Ditambahkannya bahwa melalui pemantauan ZIP, masyarakat menjadi lebih sadar akan tanggung jawab mereka dan bahwa Komisi telah memberi tahu semua lembaga pemerintah yang terlibat dalam pelaksanaan proyek-proyek konstituen mengenai ketersediaannya untuk memantau dan menindaklanjuti pelaksanaan proyek-proyek yang dibiayai tahun ini untuk memastikan adanya ZIP. tidak ada kompromi.

“Ketika kami mulai memantau proyek-proyek di daerah pemilihan, persentase penyelesaian proyek berada di bawah rata-rata – 43 persen, namun sekarang kami telah menyelesaikan tahap ke-6, persentase penyelesaian proyek adalah 86 persen, yang menunjukkan bahwa ada kemajuan.
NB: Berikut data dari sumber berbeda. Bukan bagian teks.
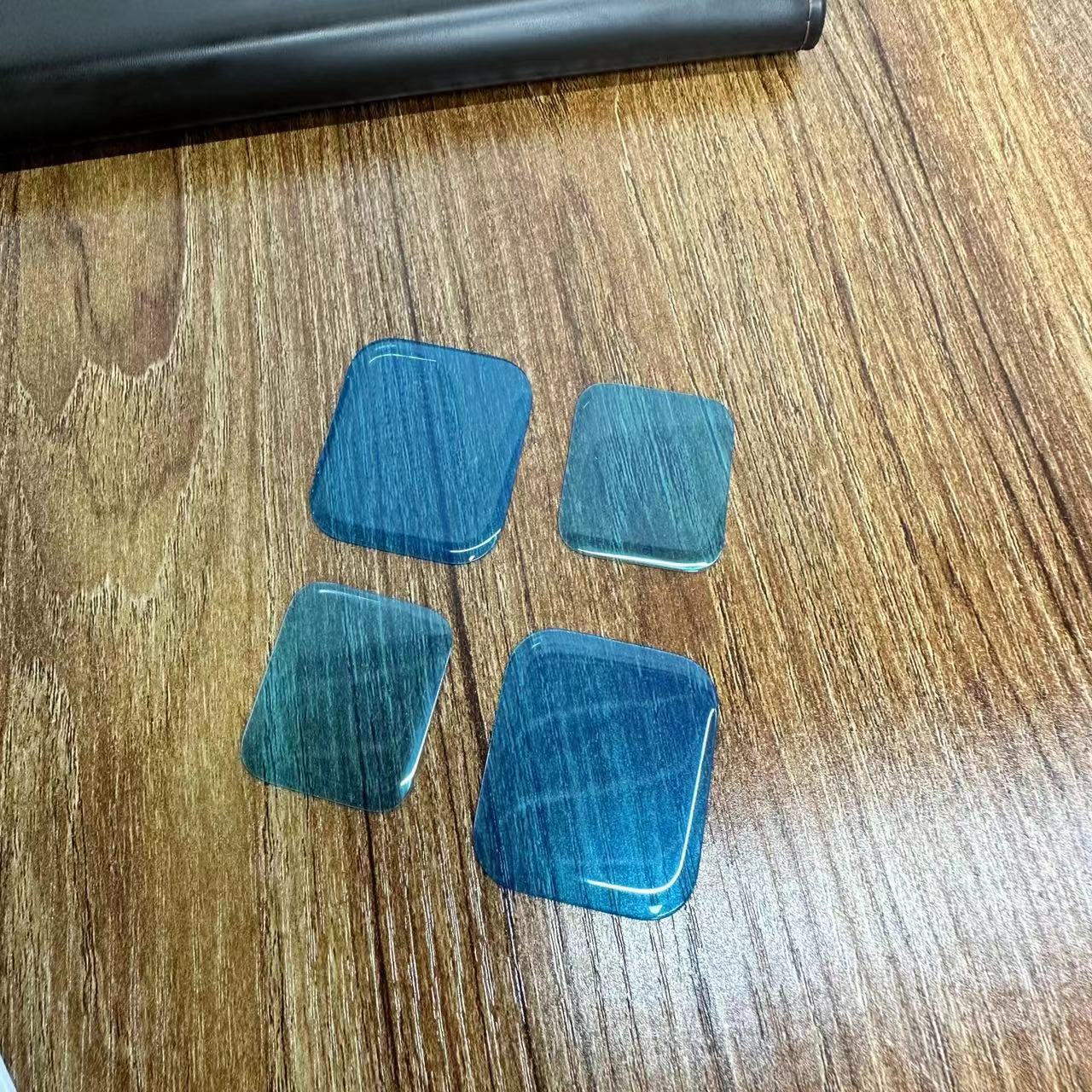 Aplicable Apple iWatchS10 Watch Film Ultra Templado UV Glass Film S9 Pantalla 41/42/46 Etiqueta protectora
Keluar dan mengikuti proyek-proyek bersama organisasi masyarakat sipil dan media sosial telah mendorong masyarakat untuk menuntut akuntabilitas dari para pemimpin mereka, dan itulah yang kami inginkan.”
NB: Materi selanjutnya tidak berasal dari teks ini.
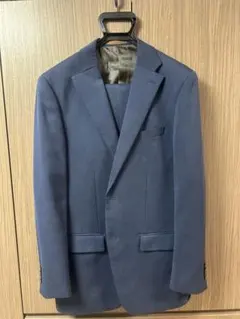 P.S.F.A/秋冬/4WAYストレッチ/バーズアイ/ネイビー/AB8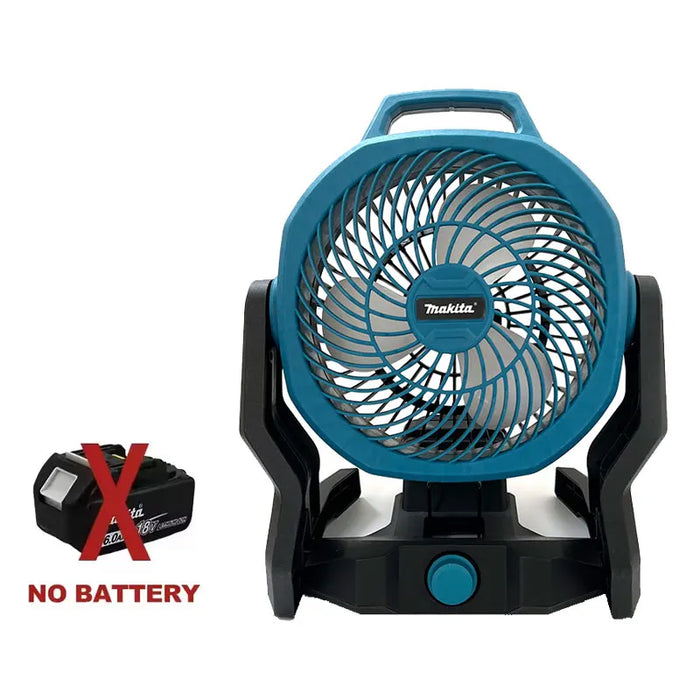 Rechargeable 18V/20V Outdoor Desktop & Floor Fan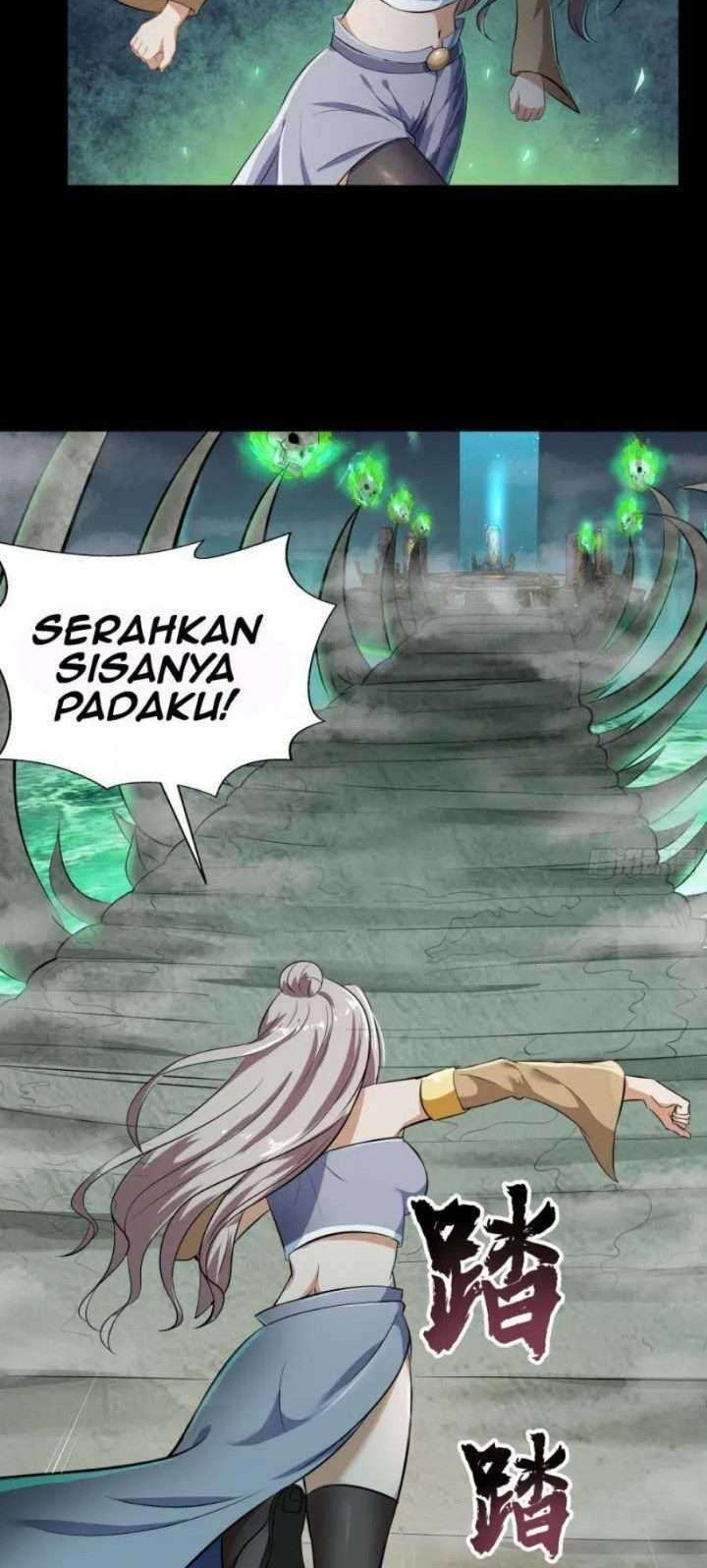 The Legend of Qing Emperor Chapter 16 Gambar 16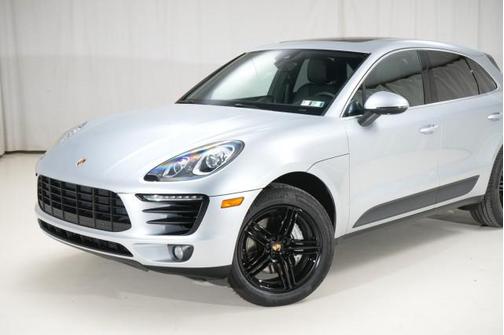 2018 Porsche Macan S
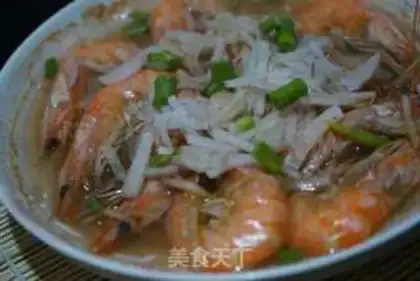 Make Shrimp soup step 4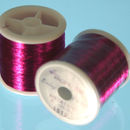 Purple Pac Bay Metallic thread 100 yard 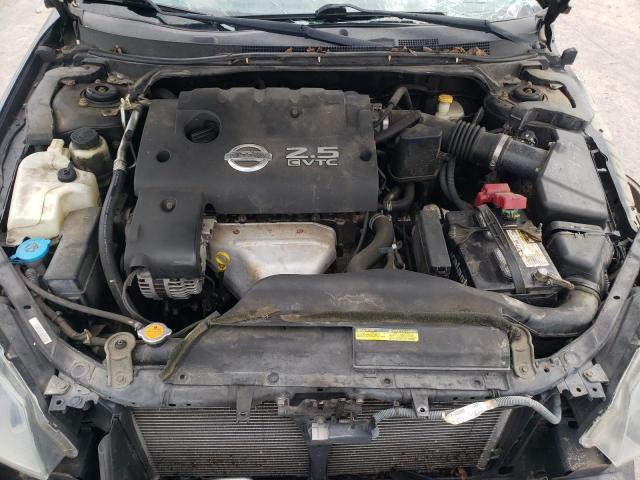 Photo 11 from auction – 2005 NISSAN ALTIMA S with VIN 1N4AL11D65C334404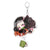 Ghost Extinguishing Blade Surrounding Carbon Zhilang Pendant Your Bean Keychain Spot Earrings Handmade Case Cos Doll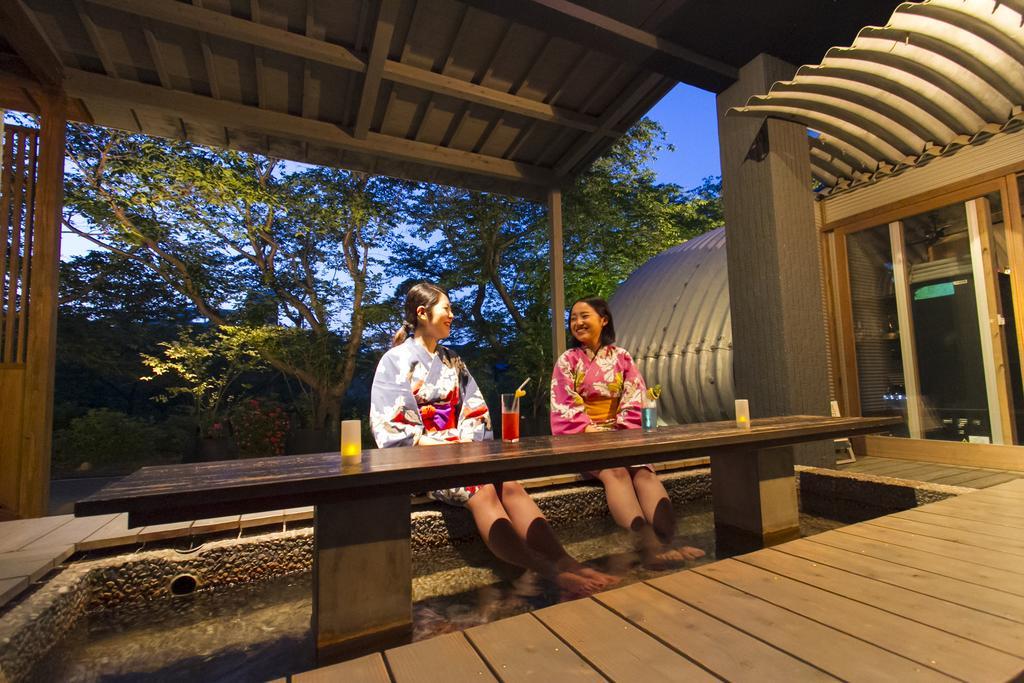 Ryokan Yoshidaya Уресино Экстерьер фото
Ditanya tentang kesulitan dalam melaksanakan proyek-proyek konstituen di seluruh negeri, Sulaheman mengatakan: “Masalah yang kami hadapi adalah pengisian anggaran atau penyisipan proyek.

“Ada banyak tantangan yang dihadapi lembaga pelaksana, kontraktor, dan fasilitator (anggota Majelis Nasional).

“Anggota NASS secara teknis adalah pemilik proyek. Merekalah yang berdomisili di MDA. Sehubungan dengan orang-orang ini yang tidak menyelaraskan diri, tidak ada penilaian kebutuhan sebelumnya. Jadi, lembaga pelaksana, ketika Anda meminta seseorang yang tidak mengerti apa-apa tentang teknik sipil untuk memantau proyek jalan atau jembatan, apa yang Anda harapkan? Di sana kami melihat beberapa kolusi antara staf lembaga dan kontraktor.

“Awal tahun ini, kami (ICPC) melakukan analisis anggaran dan bisa melihat apa yang diusulkan dan apa yang akhirnya disetujui. Kami mengundang para kepala lembaga untuk membahas masalah ini dan memberi tahu mereka bahwa proyek akan dipantau baris demi baris dan yang mangkir akan dituntut,” ungkapnya.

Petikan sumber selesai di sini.